Mas tem que terminar. De volta a Princeton, pequeno paraíso intelectual, berço de liberais e falcões, de fora e de longe acompanho as redes, as notícias, tentamos eu e minha companheira debater com a irmã, a cunhada, a sobrinha, a prima, os amigos. Tentamos participar, e as notícias dos amigos pelo whatsapp deixam tudo tão próximo que é possível sentir que se saíssemos às ruas de São Paulo, poderíamos nos envolver em qualquer conversa, com qualquer um. Mas não tenho as ruas e os amigos perto. Tenho com minha esposa e alguns amigos um pequeno espaço público de conversa, um pequeno comitê de campanha que sonha em ajudar o debate, a politizar mais nosso mundo, lembrando que política é festa, é sonho e utopia. Mesmo que as conquistas sonhadas por uma geração, ou por muitas gerações, só se alcancem por pouco tempo ou aos poucos, um tesouro perdido, que com família, amigos ou qualquer um podemos seguir procurando. Contra o racismo, o sexismo, o extermínio indígena, o extermínio dos recursos naturais, o monopólio e a mediocridade dos meios de comunicação e tantas outras coisas ainda por fazer.

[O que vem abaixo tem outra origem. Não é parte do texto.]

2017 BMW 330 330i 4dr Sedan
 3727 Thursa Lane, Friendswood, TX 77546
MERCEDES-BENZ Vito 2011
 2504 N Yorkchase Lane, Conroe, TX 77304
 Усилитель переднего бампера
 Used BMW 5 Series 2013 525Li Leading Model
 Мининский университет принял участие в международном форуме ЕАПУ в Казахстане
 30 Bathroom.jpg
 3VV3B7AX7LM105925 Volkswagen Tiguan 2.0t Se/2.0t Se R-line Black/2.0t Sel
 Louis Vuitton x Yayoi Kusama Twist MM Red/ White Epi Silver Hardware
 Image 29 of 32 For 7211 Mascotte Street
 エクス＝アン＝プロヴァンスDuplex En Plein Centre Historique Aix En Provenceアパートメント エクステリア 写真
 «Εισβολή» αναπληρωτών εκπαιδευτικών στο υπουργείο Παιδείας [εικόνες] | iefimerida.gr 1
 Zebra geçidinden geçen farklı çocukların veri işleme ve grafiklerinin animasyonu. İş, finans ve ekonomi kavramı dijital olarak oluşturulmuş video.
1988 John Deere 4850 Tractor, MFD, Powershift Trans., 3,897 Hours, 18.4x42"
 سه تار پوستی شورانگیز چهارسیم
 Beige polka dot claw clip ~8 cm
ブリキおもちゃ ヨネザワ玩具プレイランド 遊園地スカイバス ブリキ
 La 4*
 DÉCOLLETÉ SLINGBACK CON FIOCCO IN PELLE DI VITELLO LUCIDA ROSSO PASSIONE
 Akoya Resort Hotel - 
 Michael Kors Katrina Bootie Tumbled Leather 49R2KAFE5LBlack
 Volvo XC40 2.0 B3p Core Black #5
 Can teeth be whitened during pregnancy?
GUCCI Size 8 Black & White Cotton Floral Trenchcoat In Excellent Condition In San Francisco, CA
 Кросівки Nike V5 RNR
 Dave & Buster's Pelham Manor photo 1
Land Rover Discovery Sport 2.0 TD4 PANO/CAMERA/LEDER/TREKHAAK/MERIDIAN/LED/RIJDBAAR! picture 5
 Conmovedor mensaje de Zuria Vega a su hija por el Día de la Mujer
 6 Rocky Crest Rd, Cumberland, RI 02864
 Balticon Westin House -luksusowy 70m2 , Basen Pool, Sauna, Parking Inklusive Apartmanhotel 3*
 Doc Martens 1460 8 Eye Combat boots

Onde está isso agora, a festa, a esperança, a possibilidade? Até a semana que vem - domingo 26 de outubro de 2014 - está com Dilma, estamos com ela. A partir de segunda-feira, 27 de outubro, com ela eleita, as lutas seguem para sustentar as políticas e para reconstruir coerências. E se não der? Se não der, seguiremos procurando as flores feias crescidas nos asfaltos na companhia de um Lula, na caminhada de pó e esperança de um Carlitos ou com Salvador Allende, à espera de que se abram novamente grandes alamedas para que caminhem  mulheres e homens livres, em busca da construção de um mundo melhor.